Sometimes it feels like I'm doing a "how to make junk food" blog. I assure you, we are eating lots of healthy food too... I think right now I'm just really interested in whether it's possible to make all the fun food. This was never really touted as a health food diet, though it does tend to cut down on snacking if you have to make it yourself (and it doesn't last for 3 years on the counter being readily available like most junk food).
Husband and I agreed early on that we would do this regardless of the actual cost. He said "some things are going to cost more and some things less, that's part of the experiment." So, since I've been saving us money making food from scratch, I guess he won't mind that I've spent $45 on chocolate at the local organic store. Good Grief!
And I didn't even get that much. I wonder how big a pile of snickers bars you can get for $45. Mainly I wanted baking chocolate. I didn't REALLY need the $5 each fancy chocolate for eating, but I figured I'd try a few brands that are made with whole ingredients so that you, the reader can find the best one. I'm a giver, what can I say.
The thing that IMMEDIATELY annoyed me about the $9 semi-sweet baking chocolate was that it's not wrapped in convenient one ounce chunks. It's all wrapped up together as 2-100g bars. How am I supposed to follow a recipe with that? it's not even the same weight as my other baking chocolate, so I can't go "ok, I'll just divide it into 8 equal pieces and it'll be fine". Nope, I have to get the scale out I guess. ANNOYING! (As a side note, I googled the company and their website says you can also buy their fair trade chocolate at Safeway and Scoop and Weigh. It may not include baking chocolate, but I'll check it out and see if it's cheaper there than at a specialty organic market.)

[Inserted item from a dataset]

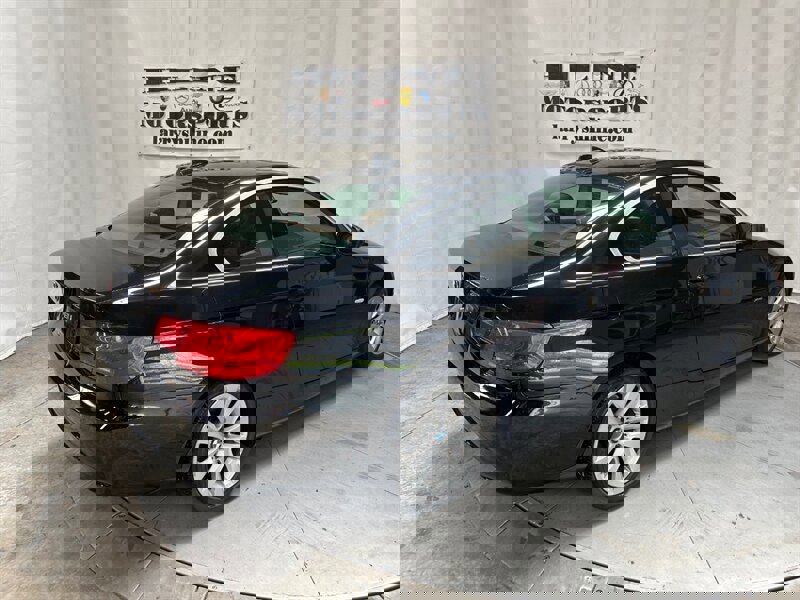 Used 2011 BMW 328i xDrive Coupe w/ Premium Pkg image 6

I have already come up with how to stretch this chocolate. Baker's Brand unsweetened chocolate is also "additive free", and when mixing it into cakes, I can apparently add an additional Tbsp of sugar to make it more like semisweet. That way, I can save the expensive baking chocolate for things like chocolate chunks in brownies.
The chocolate chips were kind of a whim... I mainly needed the baking chocolate, since I could always cut it up and use it in place of chocolate chips... but they had them, so I figured I'd try them.

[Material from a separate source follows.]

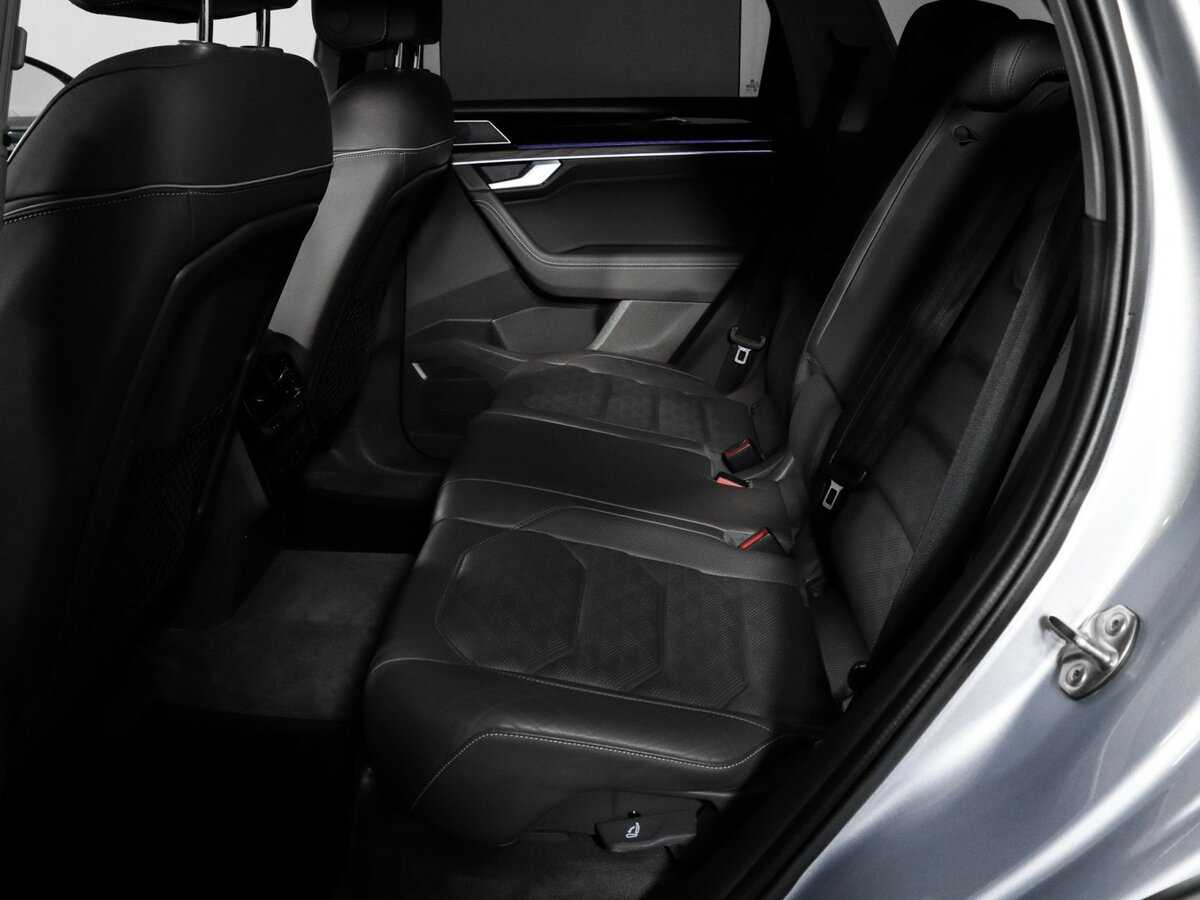 Volkswagen Touareg 2018 года с пробегом. Фото: #9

I already know I'm not going to use these for terribly much experimentation. Just enough to occasionally get my chocolate fix. It's too expensive.
My brother made a good point. If I am trying to eat like our grandparents and great grandparents did (using available whole ingredients), for them, chocolate would also be very expensive, and therefore used infrequently. I get that. When you can't buy 2 Aero bars for $1, chocolate seems much more like something to hoard and savour.